Producenci żarówek oszukują w sprawie ich wydajności
Wiele żarówek zużywa znacznie więcej prądu i daje mniej światła, niż widnieje na ich opakowaniu.Okazuje się, że producenci wykorzystują przepisy UE pozwalające na "ukrywanie" faktycznych pomiarów wydajności w dopuszczonych marginesach tolerancji pomiarowej.
18.12.2015 11:51
Według gazety, Komisja Europejska wie o sprawie "od 201. - 2012 roku". Cytowany przez "Sueddeutsche Zeitung", rzecznik KE przyznał, że przepisy nie zakazują wprost takich manipulacji.
Nowe normy?
Jak dodał, KE zamierza w przyszłym roku na nowo opracować normy dla żarówek i wszystkich innych produktów energooszczędnych, by zapobiec takim nadużyciom w przyszłości.
Największy w Niemczech producent oświetlenia firma Osram przyznała, że wykorzystuje marginesy tolerancji, by na opakowaniu podawać lepsze wyniki pomiarów.
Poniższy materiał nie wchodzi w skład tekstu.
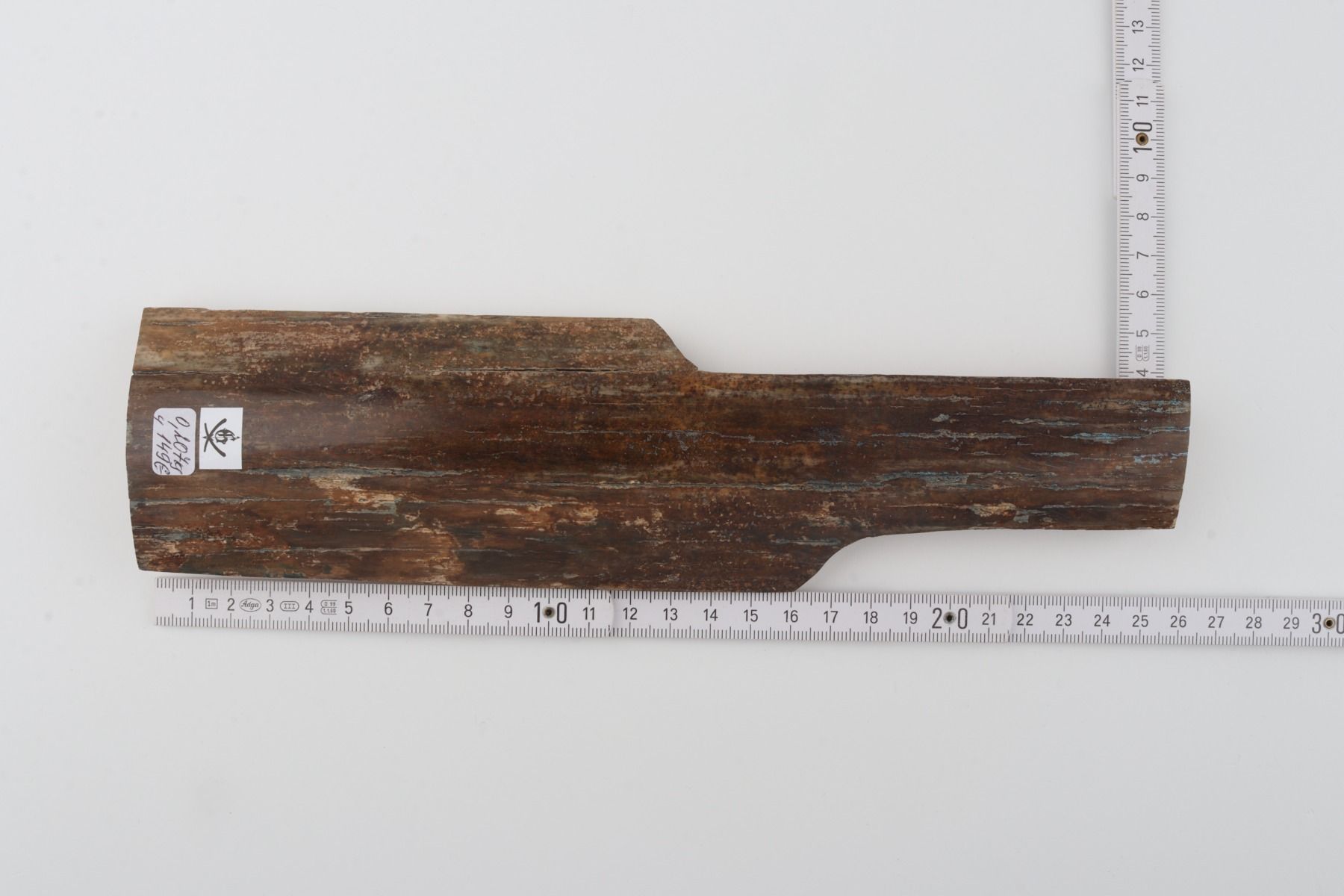 Brown mammoth bark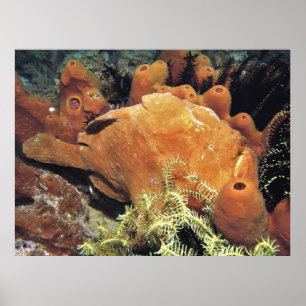 My Frogfish II Poster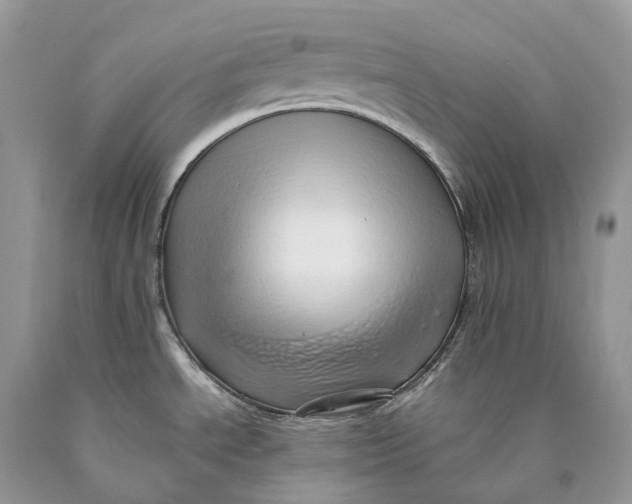 X0000089931534200707201829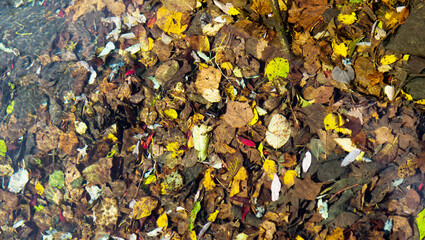 Yellow autumn leaves in the water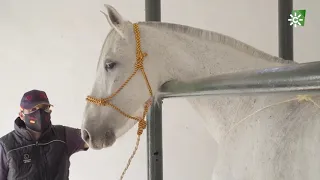 Caballos de Pura Raza y la peregrinación a la Meca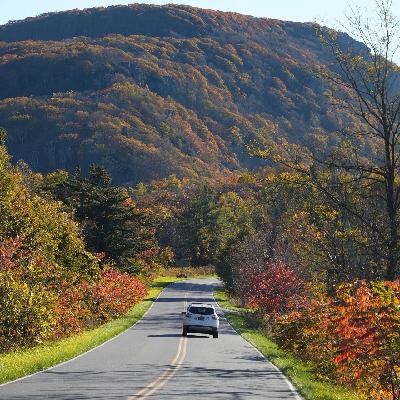 82：课题分离：当我不再试图控制一切，放手反而更有力量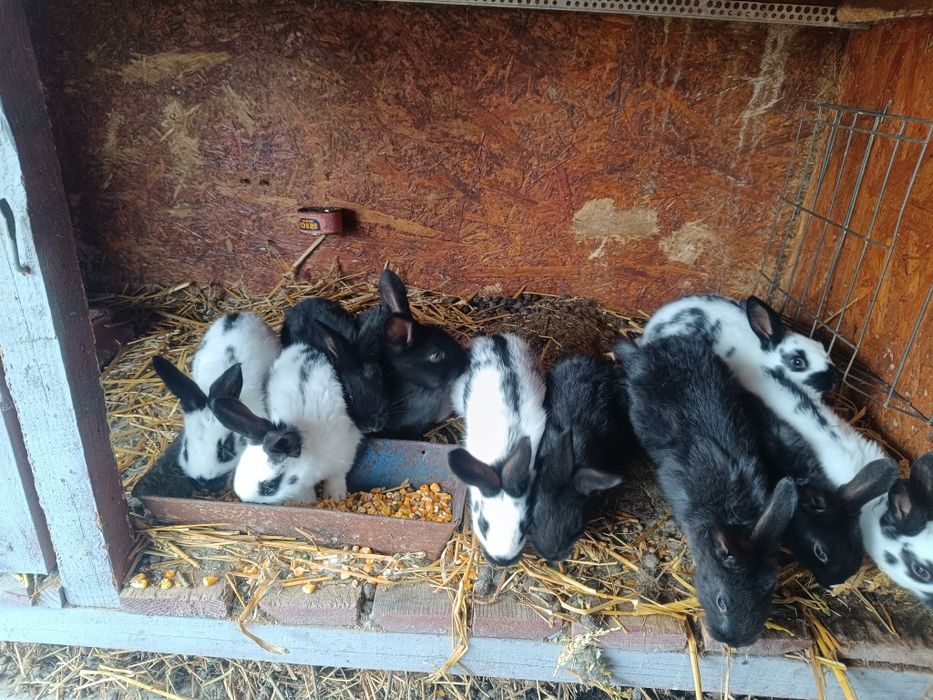 Vând femele berbec german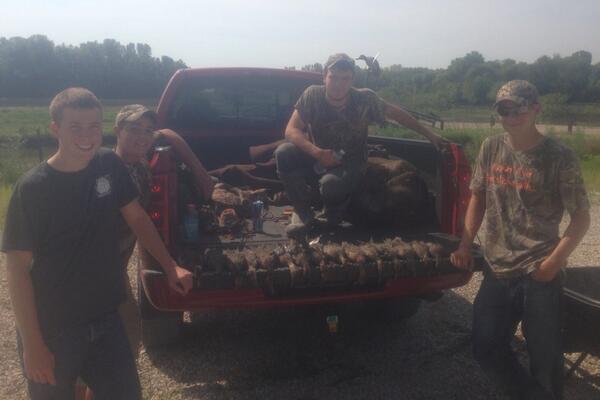 Bradleypeters6's tweet image. Not a bad little teal hunt killed 15 #WackNStack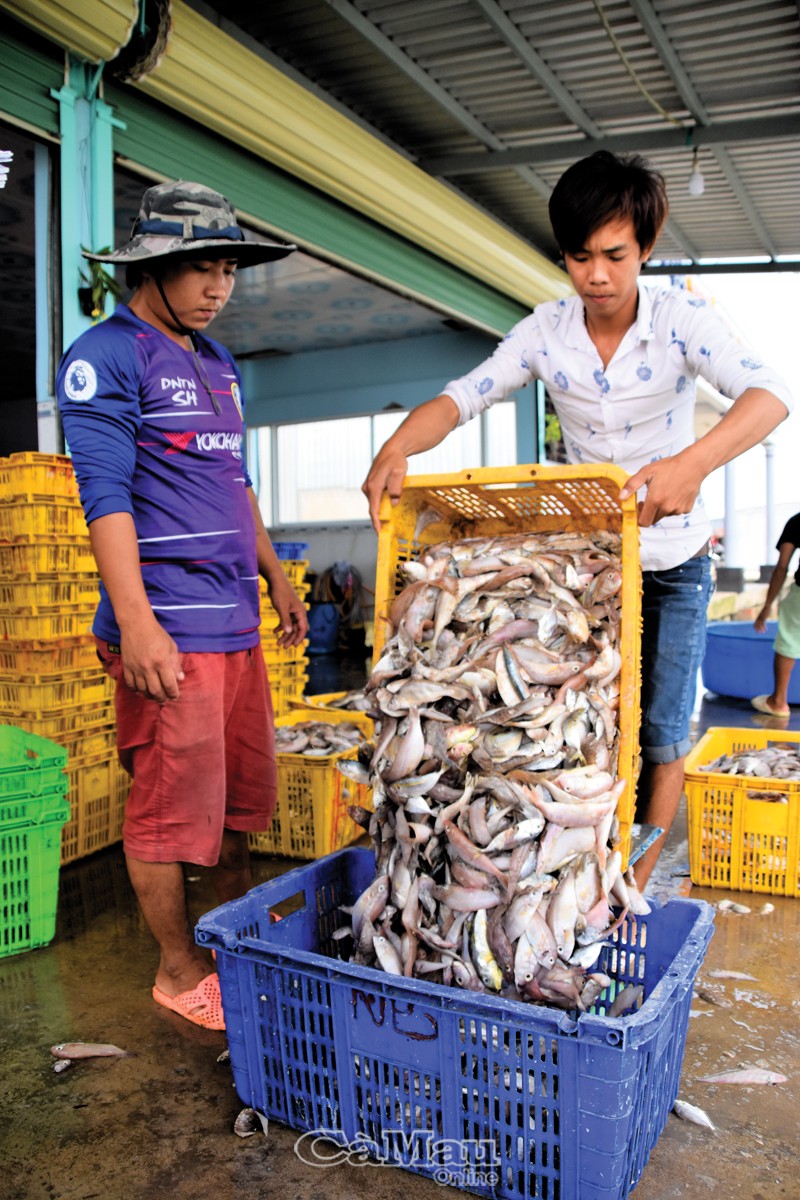 vựa cá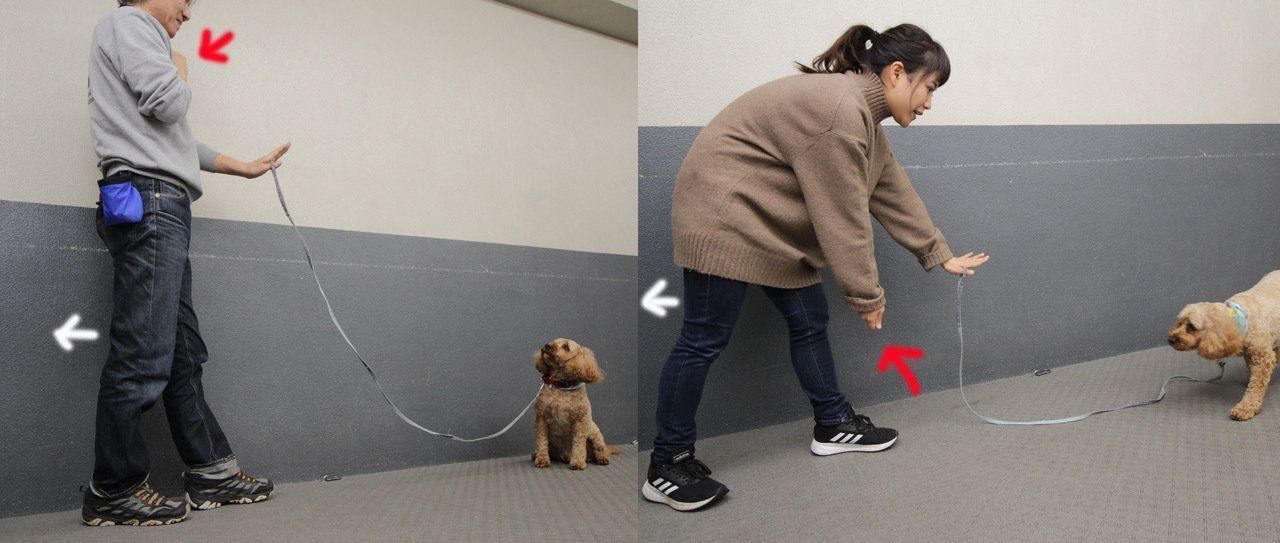 ↑同時に発している合図が、別々の合図を出している例（右の写真）。左手がマテの合図なのに、右手がオイデの合図になってしまっている（正しくは左の写真）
Rzecznik firmy wskazał, że jeśli normy zostaną zaostrzone, to więcej żarówek nie będzie spełniało wyśrubowanych standardów, co wpłynie na podwyżkę ich ceny.
Za fałszerstwa zapłacą konsumenci
Według Europejskiego Biura Ochrony Środowiska, zawyżone wskazania na opakowaniach sprawiają, że konsumenci ponoszą dodatkowe koszty w wysokości do 2 mld euro rocznie, ponieważ żarówki pobierają więcej prądu, niż informują ich etykiety. Producenci żarówek muszą na opakowaniach umieszczać informacje o trzech pomiarach: mocy (wyrażanej w watach), strumieniu świetlnym (wyrażanym w lumenach) oraz skuteczności (lumeny w przeliczeniu na waty), wyrażanej w skali od A do G. Lukę w przepisach dotyczącą ostatniego pomiaru zlikwidowano już w 201. roku, w pozostałych dwóch - jeszcze nie.Sprawia to, że choć w skali literowej skuteczność wielu żarówek spadła, to wartości podawane w dwóch pozostałych kategoriach się nie zmieniły.
Istniejąca luka w przepisach dotyczy wszystkich rodzajów żarówek używanych w domu, zarówno halogenowych, energooszczędnych, jak i LED-owych.